AIM OF THE EXERCISE: From the line with "CARDENAS MINI STARFISH" to the line with "Asian Palm Civet Enjoying Coffee Cherries", output every line below exactly, both ends included. Skip the pictures.

DATA SECTION:
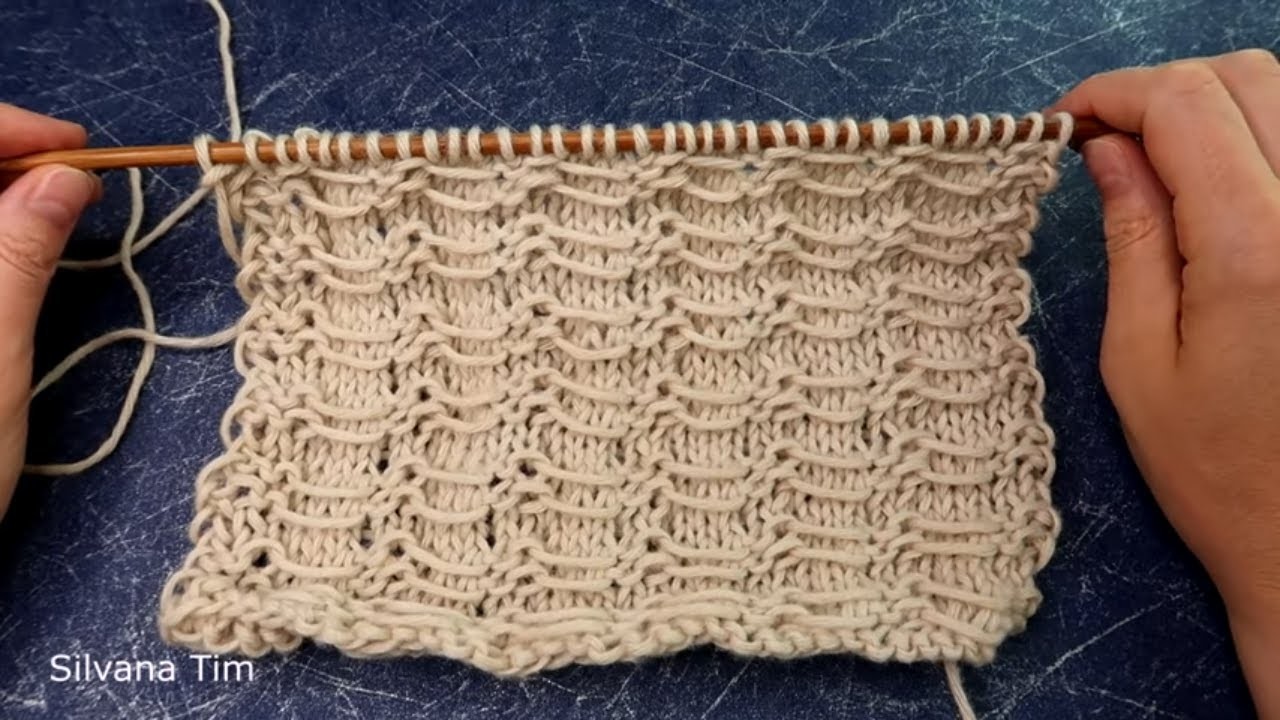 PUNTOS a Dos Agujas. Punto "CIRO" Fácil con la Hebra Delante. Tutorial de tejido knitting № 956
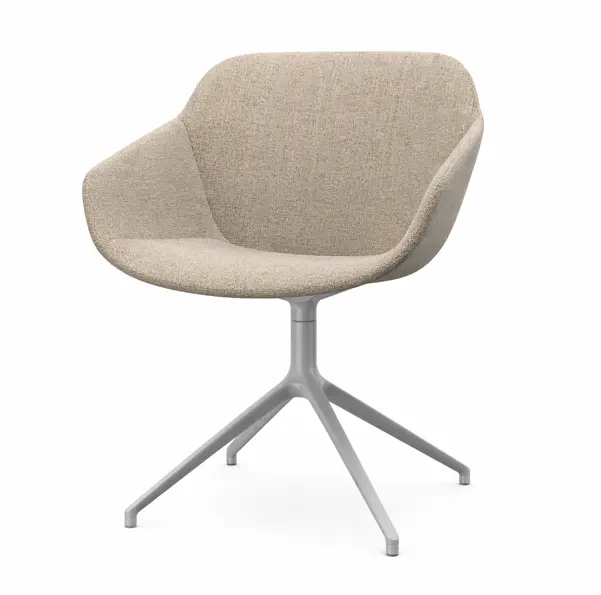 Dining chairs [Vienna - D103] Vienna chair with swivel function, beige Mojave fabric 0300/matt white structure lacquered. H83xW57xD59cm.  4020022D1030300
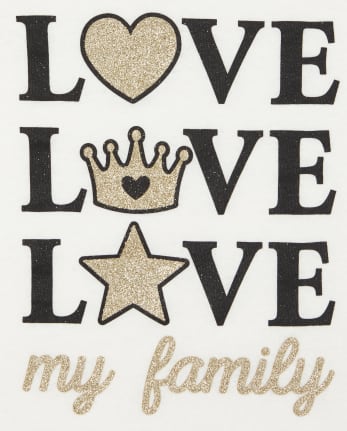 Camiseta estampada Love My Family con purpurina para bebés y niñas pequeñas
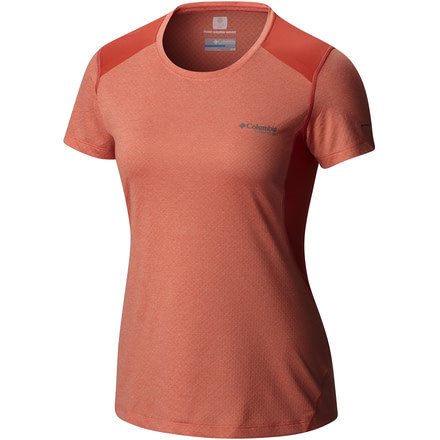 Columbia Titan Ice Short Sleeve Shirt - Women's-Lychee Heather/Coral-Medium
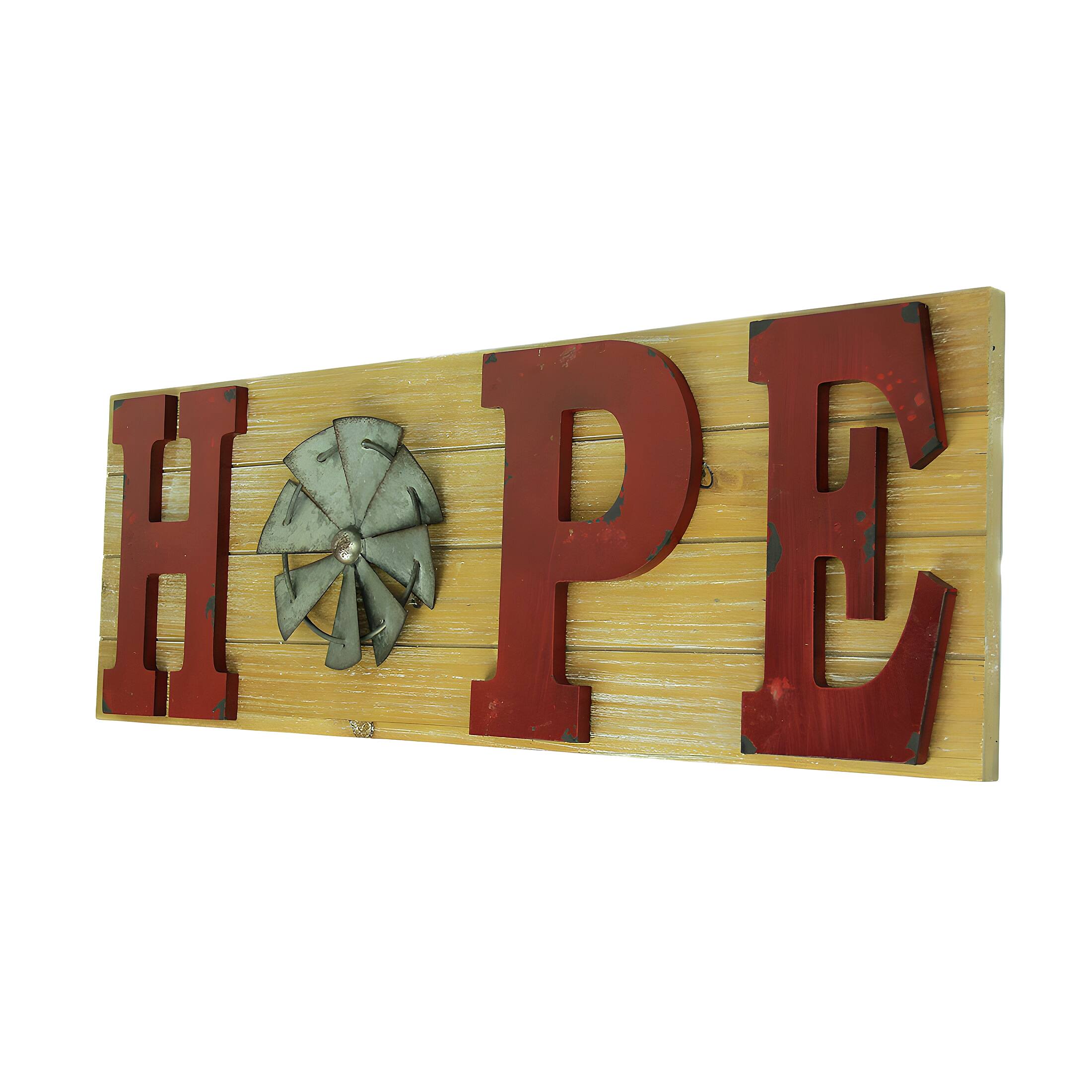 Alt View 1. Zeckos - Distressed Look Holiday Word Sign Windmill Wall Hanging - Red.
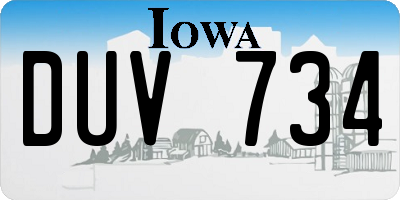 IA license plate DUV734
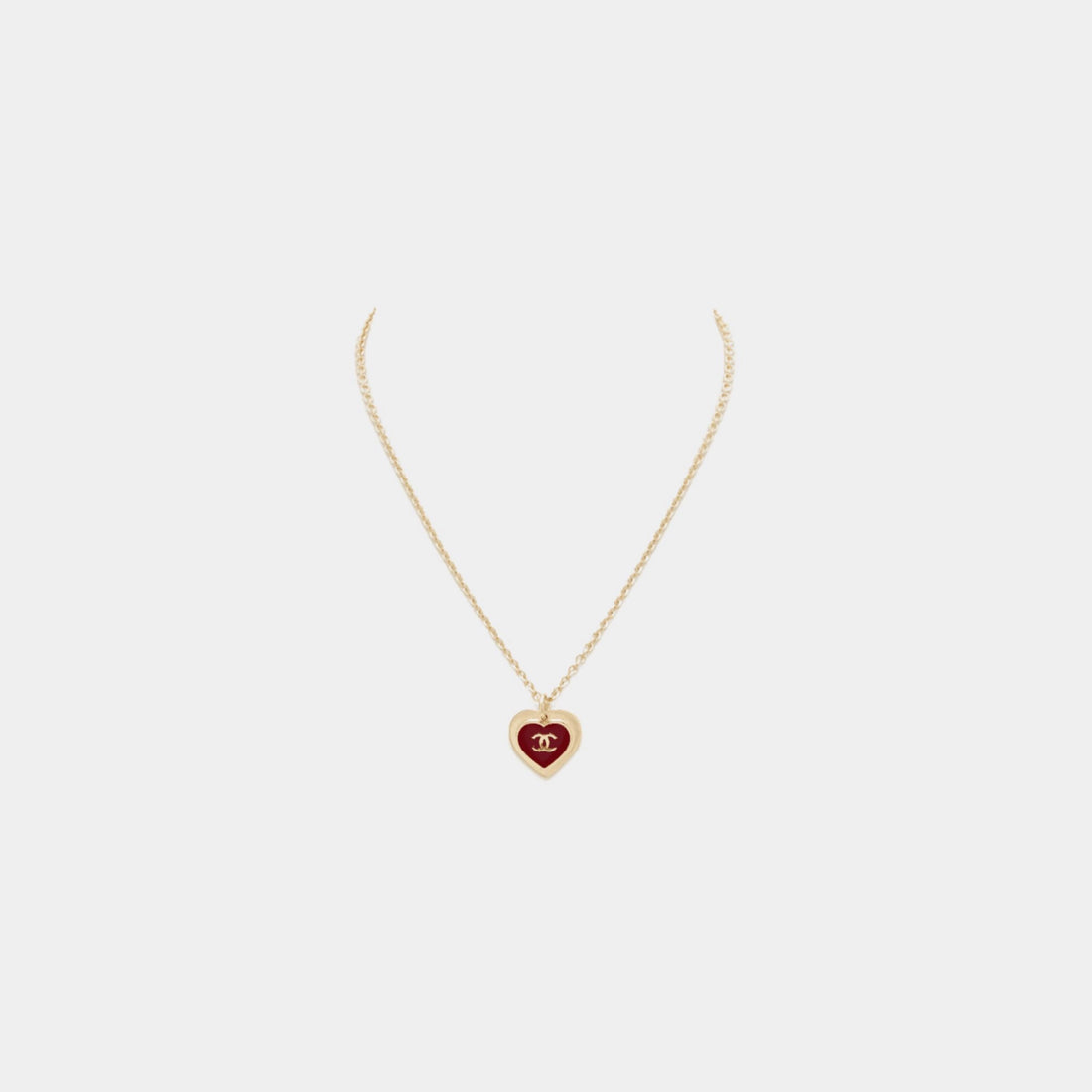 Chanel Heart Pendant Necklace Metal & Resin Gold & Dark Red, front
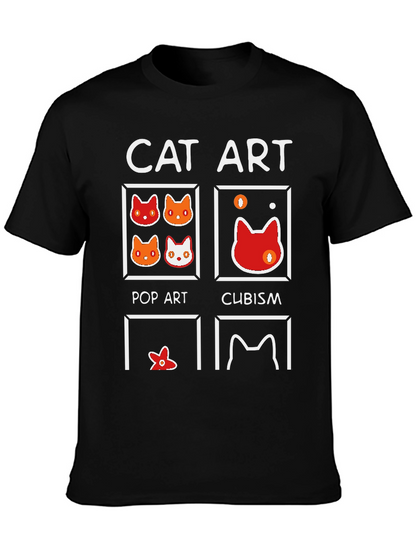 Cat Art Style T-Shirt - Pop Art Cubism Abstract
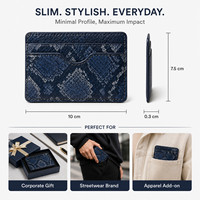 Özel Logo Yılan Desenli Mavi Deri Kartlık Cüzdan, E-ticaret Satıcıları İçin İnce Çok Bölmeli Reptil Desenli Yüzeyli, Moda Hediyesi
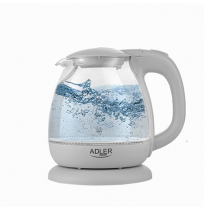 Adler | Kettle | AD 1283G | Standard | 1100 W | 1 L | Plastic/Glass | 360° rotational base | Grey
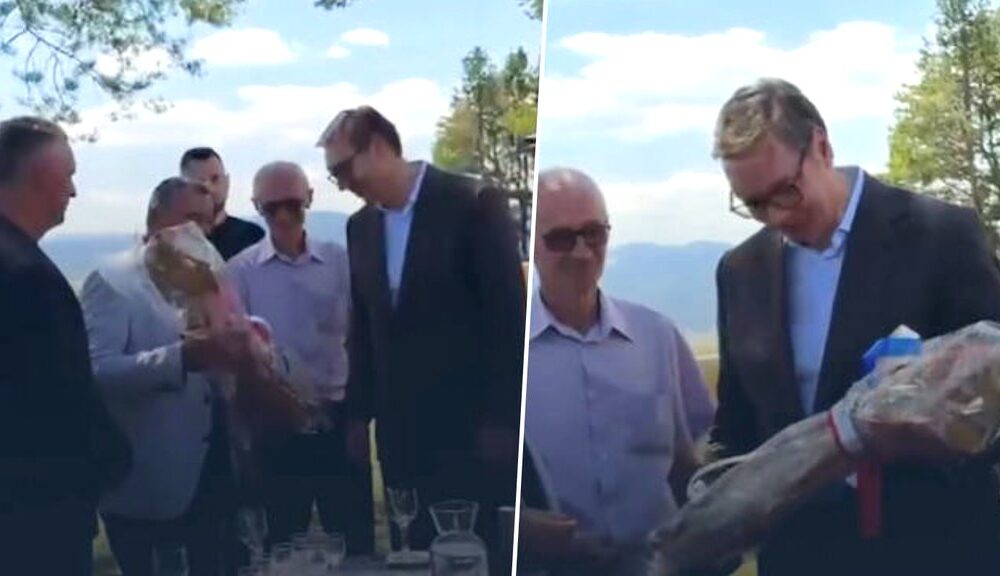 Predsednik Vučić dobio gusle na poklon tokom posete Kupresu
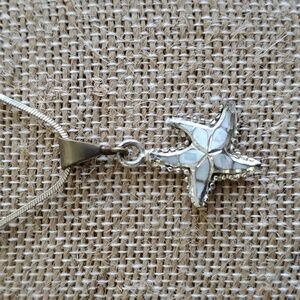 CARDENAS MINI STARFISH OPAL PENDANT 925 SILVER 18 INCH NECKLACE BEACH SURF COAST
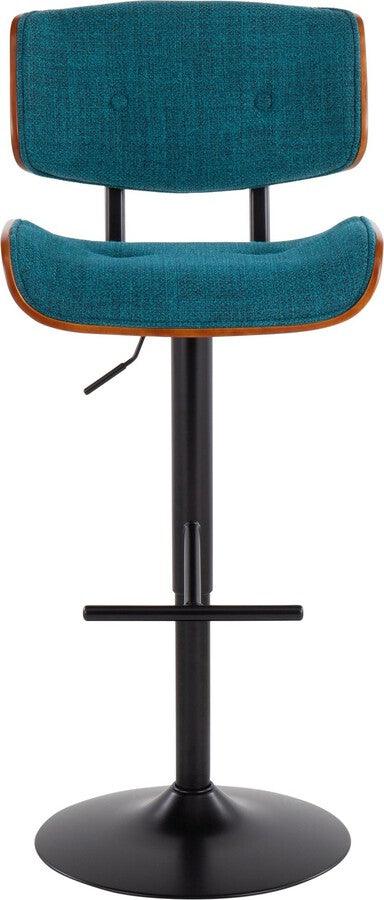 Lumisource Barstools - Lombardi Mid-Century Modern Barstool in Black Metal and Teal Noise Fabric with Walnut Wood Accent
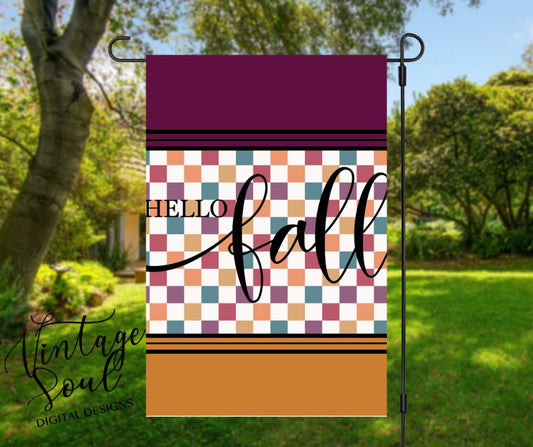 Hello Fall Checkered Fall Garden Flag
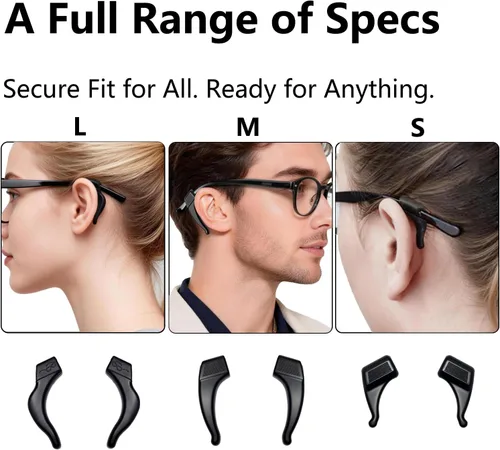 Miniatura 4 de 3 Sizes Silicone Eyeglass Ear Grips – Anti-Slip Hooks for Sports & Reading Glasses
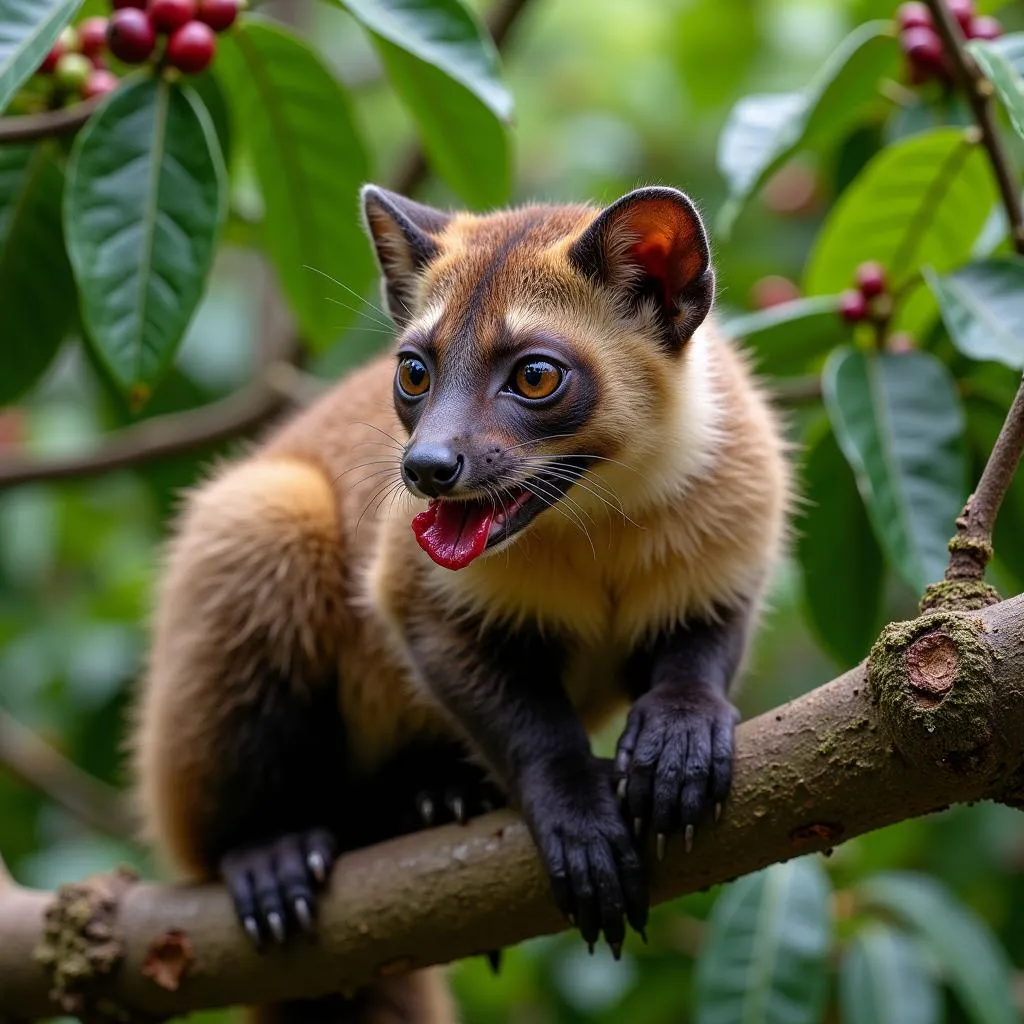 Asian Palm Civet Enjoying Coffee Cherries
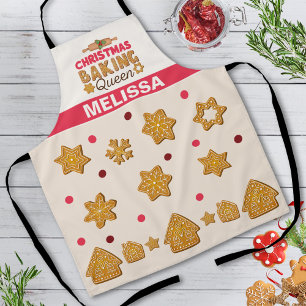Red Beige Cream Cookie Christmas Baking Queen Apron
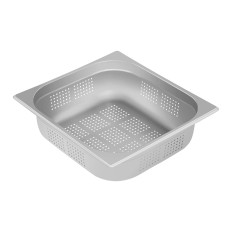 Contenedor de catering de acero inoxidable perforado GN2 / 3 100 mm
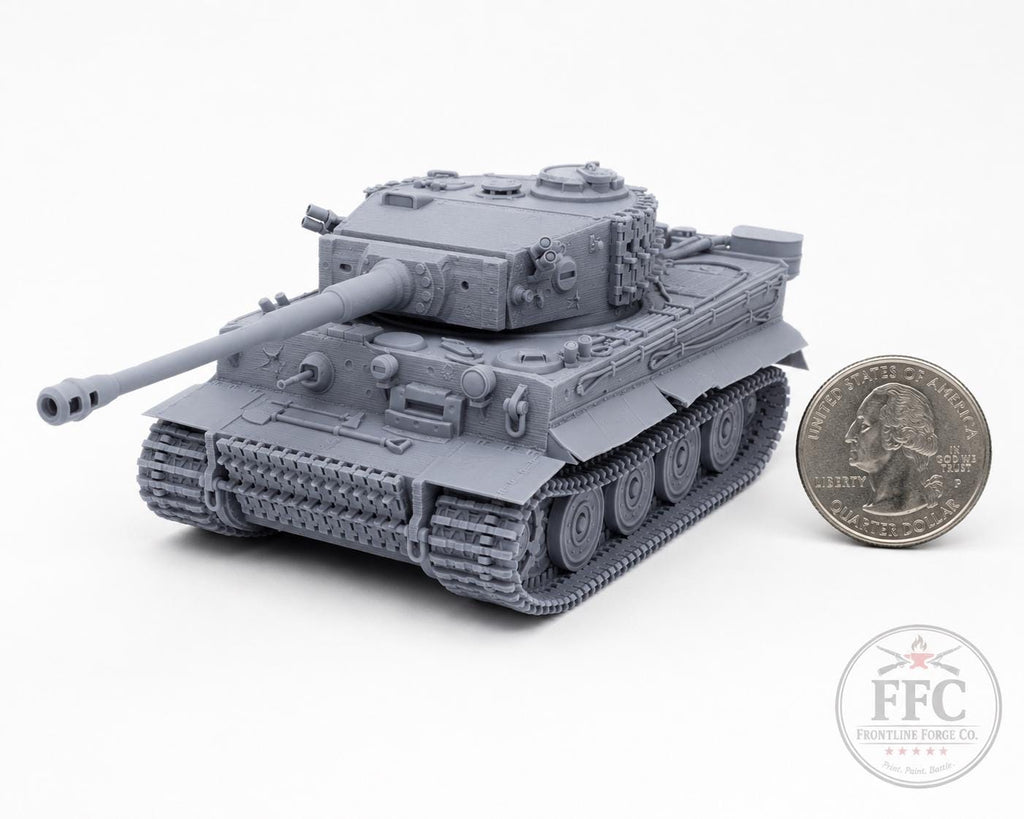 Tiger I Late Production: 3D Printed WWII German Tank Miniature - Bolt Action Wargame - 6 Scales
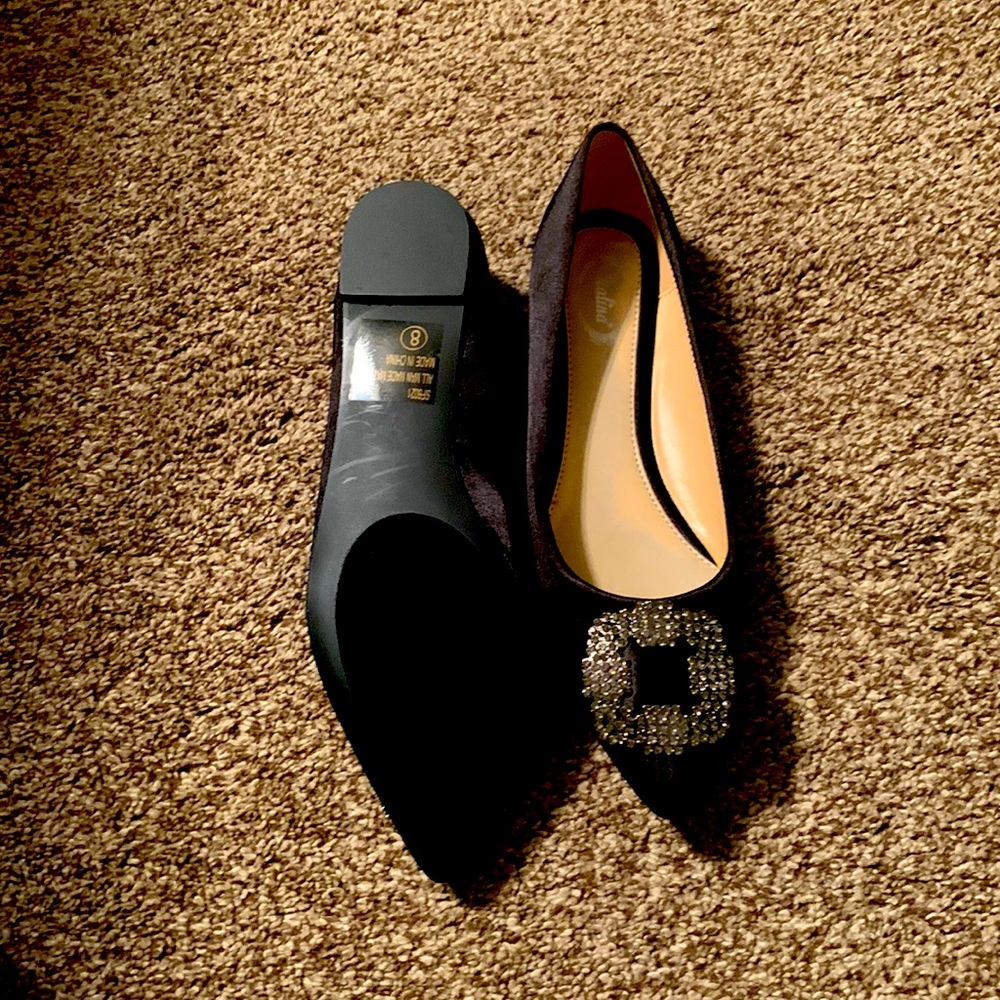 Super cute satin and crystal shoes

OUTPUT FOR THIS TASK:
 CARDENAS MINI STARFISH OPAL PENDANT 925 SILVER 18 INCH NECKLACE BEACH SURF COAST
 Lumisource Barstools - Lombardi Mid-Century Modern Barstool in Black Metal and Teal Noise Fabric with Walnut Wood Accent
 Hello Fall Checkered Fall Garden Flag
 Miniatura 4 de 3 Sizes Silicone Eyeglass Ear Grips – Anti-Slip Hooks for Sports & Reading Glasses
 Asian Palm Civet Enjoying Coffee Cherries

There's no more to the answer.